Y’all, listen. As much as I try to not use y’all when I write or speak in formal settings (i.e., interviews, when I first start teaching a new group of kids, etc…), now is the time.
Y’all, I went to bed feeling solid yesterday. I think I was closer to a state of bliss than a state of happiness.
Because I propped up in my bed and watched Lee Daniels’ The Butler for the first time. The movie’s opening scene traumatized me (because in some ways I still have trouble wrapping my mind around the brutality and oppression that was American life) while the entire film healed me with its stories of struggle, love, and tenacity.
After watching Whitaker, Oprah, Oyelowo…everyone’s beautiful performances, I turn to the internet only to see that Lupita Nyong’o won the Academy Award.
And then bliss set in.
Of course, I had to YouTube her speech.
I don’t have a TV here, or I would’ve definitely been glued to the set to watch this year’s Oscars.
Whenever I am feeling down, whenever I am feeling low, being reminded of those who came before me brings me strength every time.
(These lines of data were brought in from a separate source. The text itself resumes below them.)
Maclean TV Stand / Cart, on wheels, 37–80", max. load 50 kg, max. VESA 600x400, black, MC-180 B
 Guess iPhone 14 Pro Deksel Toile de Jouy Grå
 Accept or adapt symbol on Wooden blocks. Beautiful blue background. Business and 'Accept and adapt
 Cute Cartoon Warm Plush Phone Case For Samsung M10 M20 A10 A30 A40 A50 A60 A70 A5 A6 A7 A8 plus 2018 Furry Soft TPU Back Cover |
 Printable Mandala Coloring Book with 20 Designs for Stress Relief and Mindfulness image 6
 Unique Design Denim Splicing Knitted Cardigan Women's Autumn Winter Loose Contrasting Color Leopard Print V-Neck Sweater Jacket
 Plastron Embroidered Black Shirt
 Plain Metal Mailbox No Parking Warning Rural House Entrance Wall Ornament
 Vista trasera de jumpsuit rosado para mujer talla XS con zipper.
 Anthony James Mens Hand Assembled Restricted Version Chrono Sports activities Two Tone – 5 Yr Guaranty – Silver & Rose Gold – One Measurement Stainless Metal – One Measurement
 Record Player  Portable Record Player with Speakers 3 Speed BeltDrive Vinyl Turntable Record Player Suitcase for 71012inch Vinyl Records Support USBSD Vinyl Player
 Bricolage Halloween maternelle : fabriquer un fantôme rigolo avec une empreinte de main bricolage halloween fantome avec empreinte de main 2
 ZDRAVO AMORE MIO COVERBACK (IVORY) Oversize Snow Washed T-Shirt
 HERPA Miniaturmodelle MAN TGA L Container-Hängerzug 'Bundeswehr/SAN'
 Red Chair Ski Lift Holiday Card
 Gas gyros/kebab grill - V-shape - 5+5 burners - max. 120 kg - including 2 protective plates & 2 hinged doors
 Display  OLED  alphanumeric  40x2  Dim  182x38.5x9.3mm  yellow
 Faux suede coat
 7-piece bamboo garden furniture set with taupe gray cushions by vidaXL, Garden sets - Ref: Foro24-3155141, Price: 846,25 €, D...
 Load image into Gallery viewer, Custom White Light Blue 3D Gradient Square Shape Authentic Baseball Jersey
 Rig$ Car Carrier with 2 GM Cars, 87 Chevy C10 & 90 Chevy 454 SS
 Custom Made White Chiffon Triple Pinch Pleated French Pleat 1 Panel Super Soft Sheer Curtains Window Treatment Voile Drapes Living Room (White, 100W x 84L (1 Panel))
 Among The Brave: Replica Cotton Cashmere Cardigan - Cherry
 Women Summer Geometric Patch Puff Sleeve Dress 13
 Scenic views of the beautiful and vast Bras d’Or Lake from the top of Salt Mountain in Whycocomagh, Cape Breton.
I know you’re not supposed to use every or always when arguing a point, but thinking about my history has never failed to empower me.
Now Ava DuVernay, a black writer, filmmaker and producer who I highly respect (Middle of Nowhere is one of my all time favorite films), made a profound statement in Essence when she said “I think Hollywood is comfortable with Black people in hindsight, because they don’t want to deal with us right now.”
I paused after reading that, but had to agree.
Why talk about police brutality (like in Fruitvale Station—another movie still on my to-watch list) or the women left behind because of the prison-industrial complex (Middle of Nowhere) when we can point to other stains on our history and say that we’ve attempted to wash them away via hate crime laws and affirmative action?
Side note: I don’t even like the term affirmative action. When people “doubt” my validity to be anywhere because of my race my response is always that white people were beneficiaries of affirmative action for centuries. In other words, it’s a debate I’m not even willing to engage in because it’s purely ridiculous when people look at history and current day statistics for…ten minutes.
Yet, I digress.
I’m hoping that this Year of Black Film in the Media will become the new norm because, as far as I’m concerned, we have always had stories to tell, and we’ve been telling stories. Hollywood and the formal establishments are just now beginning to listen a little more. Yet even if they don’t, we’ll still tell our stories to each other like my grandma tells her stories to me.
Because we know we’ve lived. We know we’re a diverse group. And we know that we will continue producing art for ourselves and for us all.